10.11. EFFECT OF AMENDMENT. No amendment, modification or repeal of this Article
or any provision hereof shall in any manner terminate, reduce or impair the
right of any past, present or future Indemnitees to be indemnified by the
Company, nor the obligation of the Company to indemnify any such Indemnitees,
under and in accordance with the provisions of the Article as in effect
immediately prior to such amendment, modification or repeal with respect to
claims arising from or relating to matters occurring, in whole or in part, prior
to such amendment, modification or repeal, regardless of when such claims may
arise or be asserted.

                                   ARTICLE 11.
                                 TAKEOVER OFFERS

     In the event the Company receives a takeover offer, the Board of Directors
shall consider all relevant factors in evaluating such offer, including, but not
limited to, the terms of the offer, and the potential economic and social impact
of such offer on the Company's stockholders, employees, customers, creditors and
community in which it operates.

                                   ARTICLE 12.
                                     NOTICES

12.1. GENERAL. Whenever these Bylaws require notice to any Stockholder,
director, officer or agent, such notice does not mean personal notice. A person
may give effective notice under these Bylaws in every case by depositing a
writing in a post office or letter box in a postpaid, sealed wrapper, or by
dispatching a prepaid telegram addressed to such Stockholder, director, officer
or agent at his / hers address on the books of the Company. Unless these Bylaws
expressly provide to the contrary, the time when the person sends notice shall
constitute the time of the giving of notice.
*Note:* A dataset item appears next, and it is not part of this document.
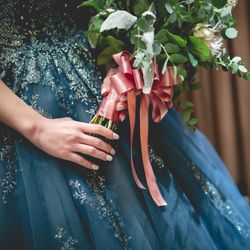 ラグナヴェール 青山の写真24枚目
12.2. WAIVER OF NOTICE. Whenever the law or these Bylaws require notice, the
person entitled to said notice may waive such notice in writing, either before
or after the time stated therein.

                                   ARTICLE 13.
                                  MISCELLANEOUS

13.1. FACSIMILE SIGNATURES. In addition to the use of facsimile signatures which
these Bylaws specifically authorize, the Company may use such facsimile
signatures of any officer or officers, agents or agent, of the Company as the
Board or a committee of the Board may authorize.



13.2. CORPORATE SEAL. The Board may provide for a suitable seal containing the
name of the Company, of which the Secretary shall be in charge. The Treasurer,
any Assistant Secretary, or any Assistant Treasurer may keep and use the seal or
duplicates of the seal if and when the Board or a committee of the Board so
directs.

13.3. FISCAL YEAR. The Board shall have the authority to fix and change the
fiscal year of the Company.

                                   ARTICLE 14.
                                   AMENDMENTS

Subject to the provisions of the Articles of Incorporation, the Stockholders or
the Board may amend or repeal these Bylaws at any meeting.